What needs to be done:
Exactly reproduce the lines from the one holding "Anti-HnRNP A1 Picoband Antibody" through the end of the records, including both boundary lines but no pictures.

Data for review:
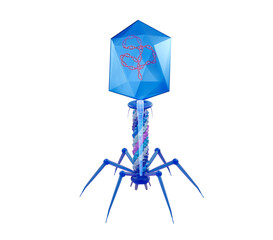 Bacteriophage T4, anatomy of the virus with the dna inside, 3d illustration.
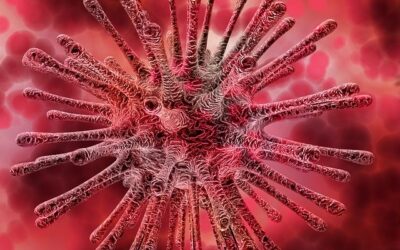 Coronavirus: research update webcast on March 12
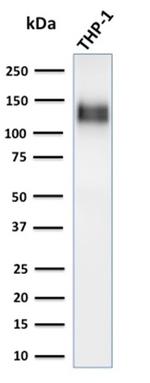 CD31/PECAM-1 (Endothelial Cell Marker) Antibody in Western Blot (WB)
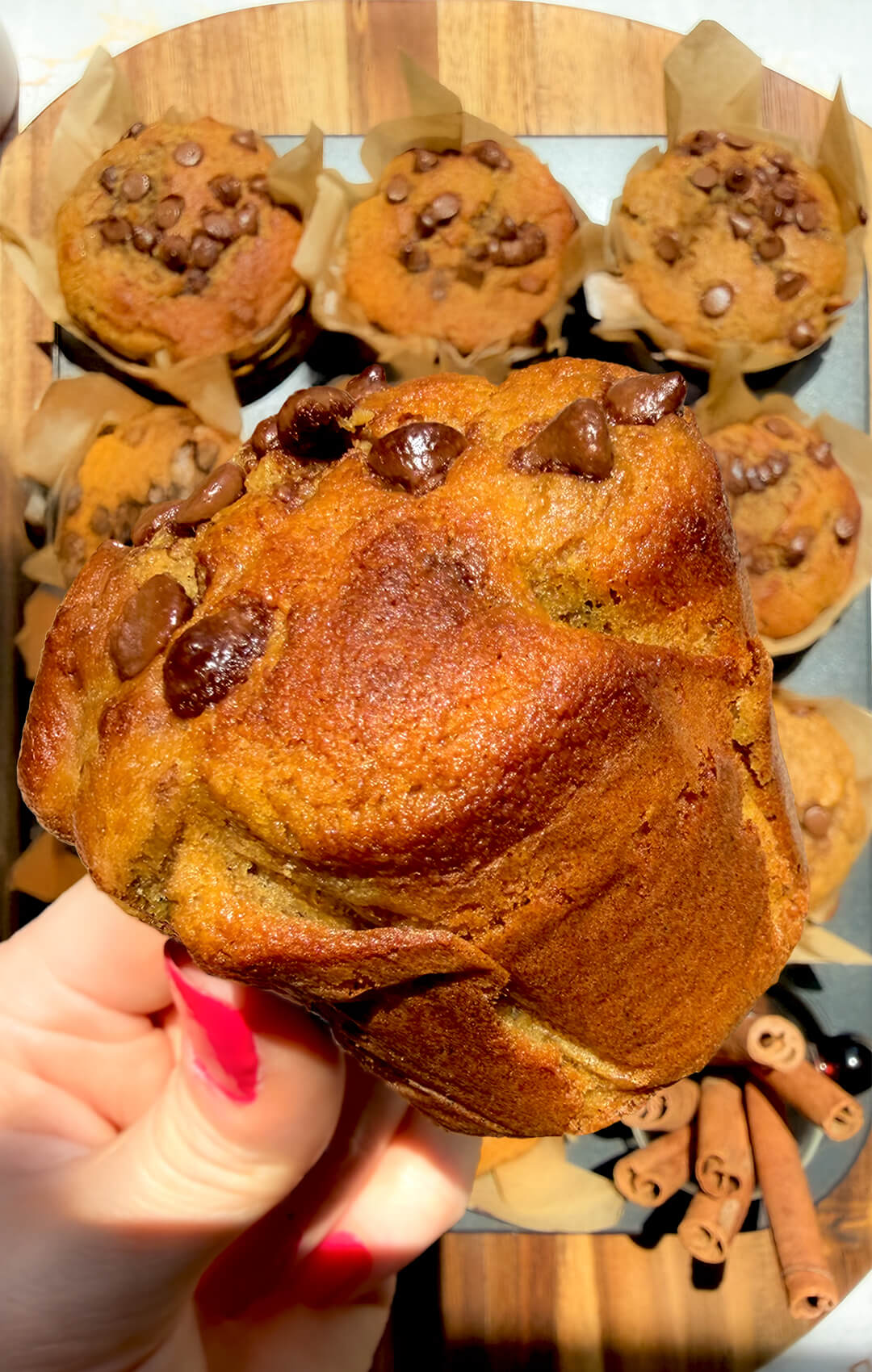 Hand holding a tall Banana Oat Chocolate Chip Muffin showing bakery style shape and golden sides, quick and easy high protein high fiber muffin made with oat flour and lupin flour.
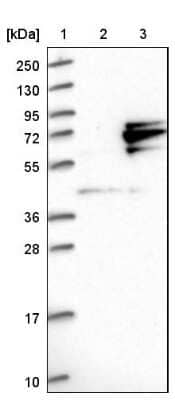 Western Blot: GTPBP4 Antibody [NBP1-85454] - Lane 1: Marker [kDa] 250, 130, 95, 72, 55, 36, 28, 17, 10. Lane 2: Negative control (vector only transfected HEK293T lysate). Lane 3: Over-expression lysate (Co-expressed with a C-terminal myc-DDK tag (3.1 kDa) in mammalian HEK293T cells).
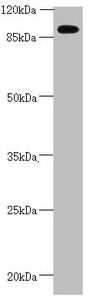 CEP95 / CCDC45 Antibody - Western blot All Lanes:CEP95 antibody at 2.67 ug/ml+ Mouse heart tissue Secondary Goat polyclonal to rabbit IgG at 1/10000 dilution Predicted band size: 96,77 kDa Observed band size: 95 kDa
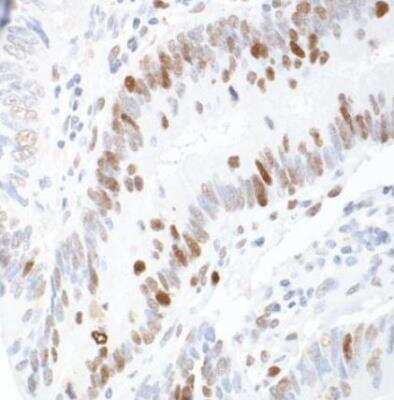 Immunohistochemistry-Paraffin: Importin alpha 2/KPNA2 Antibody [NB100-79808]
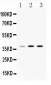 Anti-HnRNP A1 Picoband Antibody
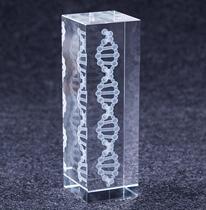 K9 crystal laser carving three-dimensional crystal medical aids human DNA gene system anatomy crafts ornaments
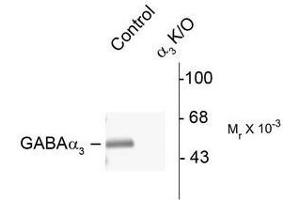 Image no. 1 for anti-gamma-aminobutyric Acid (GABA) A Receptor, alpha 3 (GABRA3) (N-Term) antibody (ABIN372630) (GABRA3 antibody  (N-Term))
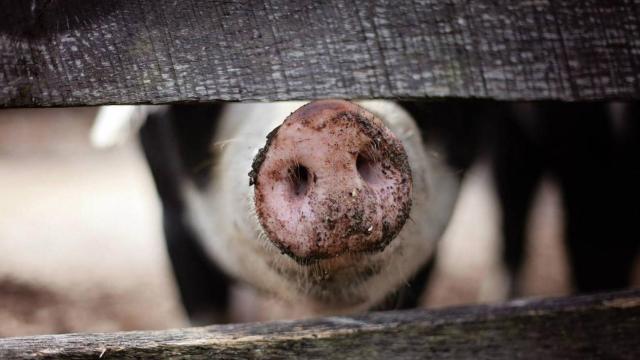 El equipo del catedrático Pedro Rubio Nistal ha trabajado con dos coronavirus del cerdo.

Answer to the problem:
 Anti-HnRNP A1 Picoband Antibody
 K9 crystal laser carving three-dimensional crystal medical aids human DNA gene system anatomy crafts ornaments
 Image no. 1 for anti-gamma-aminobutyric Acid (GABA) A Receptor, alpha 3 (GABRA3) (N-Term) antibody (ABIN372630) (GABRA3 antibody  (N-Term))
 El equipo del catedrático Pedro Rubio Nistal ha trabajado con dos coronavirus del cerdo.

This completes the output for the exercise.